Callichthyidae is a family of catfishes (order Siluriformes), called armored catfishes due to the two rows of bony plates (or scutes) along the lengths of their bodies. It contains some of the most popular freshwater aquarium fish, such as many species in the genus Corydoras.

==Taxonomy==
The family derives its name from the Greek words kalli- (καλλι-, 'beautiful') and ichthys (ἰχθύς, 'fish'). Callichthyidae is one of six families in the superfamily Loricarioidea, and is sister to a clade formed by Scoloplacidae, Astroblepidae, and Loricariidae. Within the family Callichthyidae, the two subfamilies have eight genera and about 177 species, accounting for about 7% of all catfish.
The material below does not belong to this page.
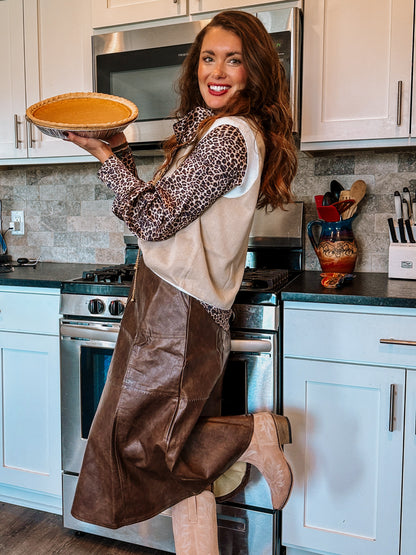 Washed Leather Midi Skirt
Most of these species are in the genus Corydoras, the largest catfish genus.

===Subdivisions===
Callichthyidae is divided into two subfamilues and the following genera:
- Subfamily Callichthyinae Bonaparte 1835
  - Callichthys Scopoli 1777
  - Dianema Cope, 1871
  - Hoplosternum Gill, 1858
  - Lepthoplosternum R. Reis, 1997
  - Megalechis R. Reis, 1997
- Subfamily Corydoradinae Hoedeman, 1952
  - Aspidoras Ihering, 1907
  - Brochis Cope, 1871
  - Corydoras Lacépède, 1803
  - Gastrodermus Cope, 1878
  - Hoplisoma Swainson, 1838
  - Osteogaster Cope, 1894
  - Scleromystax Günther, 1864

The subfamily Corydoradinae includes about 90% of the species in the family Callichthyidae and is one of the most diverse siluriform assemblages in the Neotropics, with about 170 valid species.
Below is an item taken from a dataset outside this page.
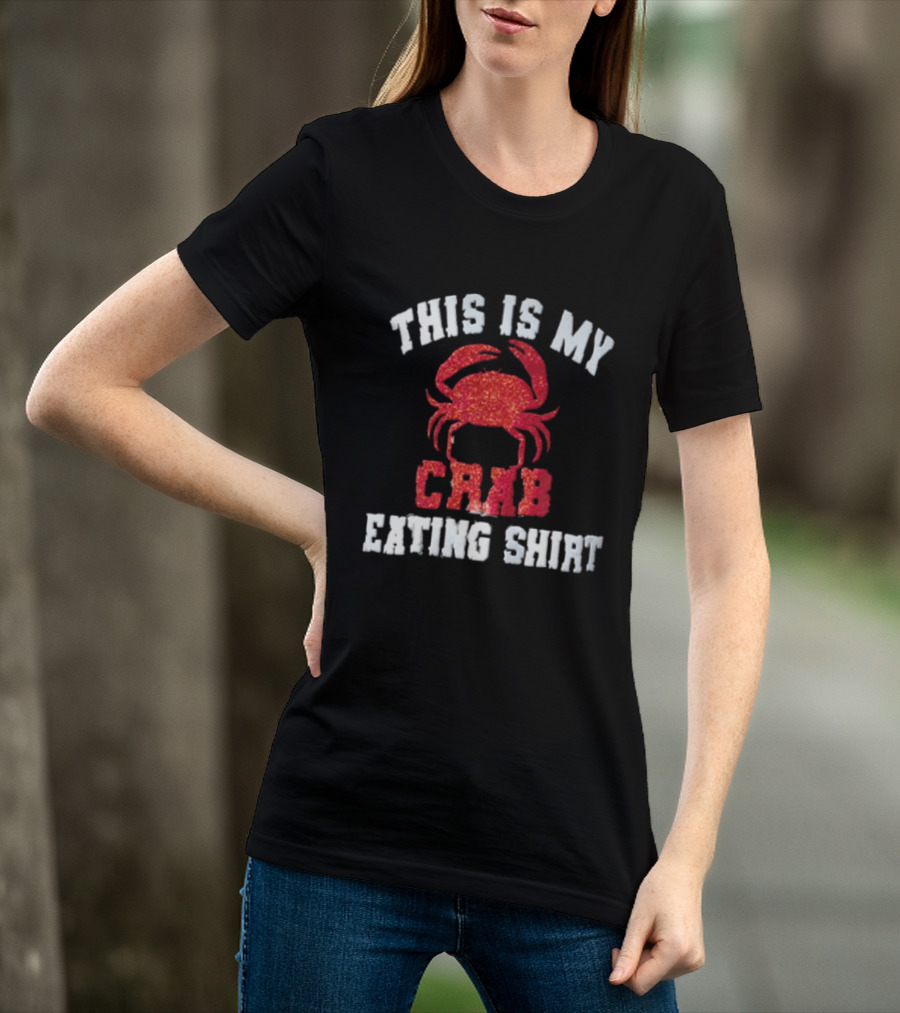 This Is My Crab Eating Red Glitter Crab T-Shirt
The following cladogram shows the position of the genera within the subfamily Corydoradinae.

The subfamily Callichthyinae contains Callichthys, Dianema, Hoplosternum, Lepthoplosternum, and Megalechis. According to a 1997 paper, Callichthys is the most basal member of the subfamily. In a 2004 study, different relationships among the callichthyines were found: Dianema and Hoplosternum form the most basal clade, and Callichthys is sister to Lepthoplosternum and Megalechis. In a 2013 study, Dianema is the sister group of all the remaining genera.

==Fossil record==
The first known fossil species of callichthyid is Corydoras revelatus from Salta, Argentina, of the late Paleocene. This species is tentatively placed in Corydoras, but is unambiguously a member of the subfamily Corydoradinae. It indicates that the lineages leading to the two callichthyid subfamilies occurred at least by the late Paleocene. It also suggests an earlier differentiation of loricarioids in comparison to other catfishes, or a lack of older fossils of other Neotropical groups.
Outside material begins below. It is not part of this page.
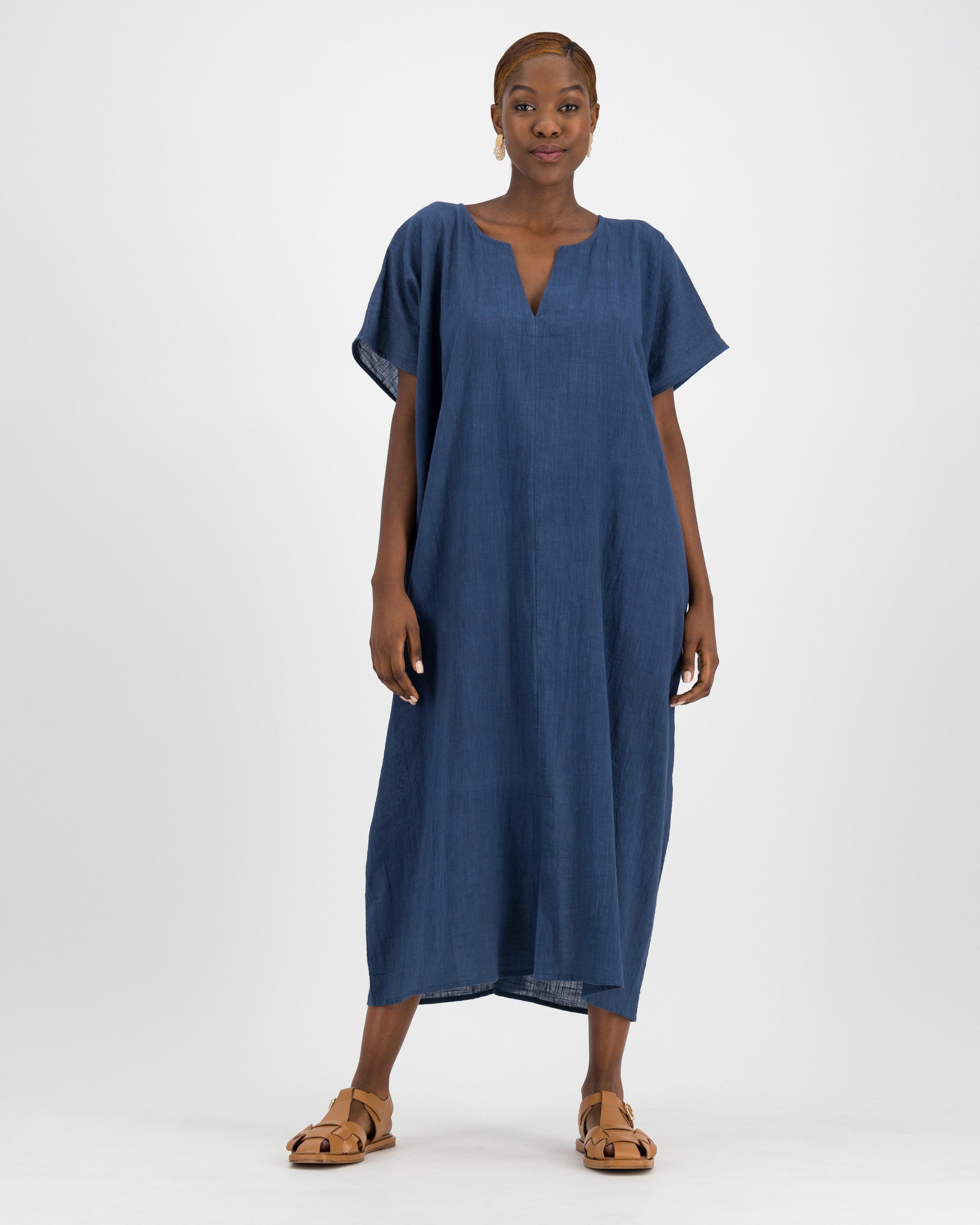 Edith Long Cotton Kaftan -  navy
A fossil identified as a Hoplosternum species has also been identified from the middle Miocene in the La Venta formation, Magdalena River basin, Colombia.

==Distribution==
The Neotropical family Callichthyidae is found in most South American river drainages (Paraná-Paraguay, São Francisco, Atlantic Coastal basins in Brazil, Amazon, Orinoco, Maracaibo, Magdalena). Hoplosternum punctatum is the only species in Central America, as it occurs in a few rivers in Panama. Callichthyidae present the highest species richness in the headwaters of the Amazonas drainage and those rivers draining the Guiana Shield.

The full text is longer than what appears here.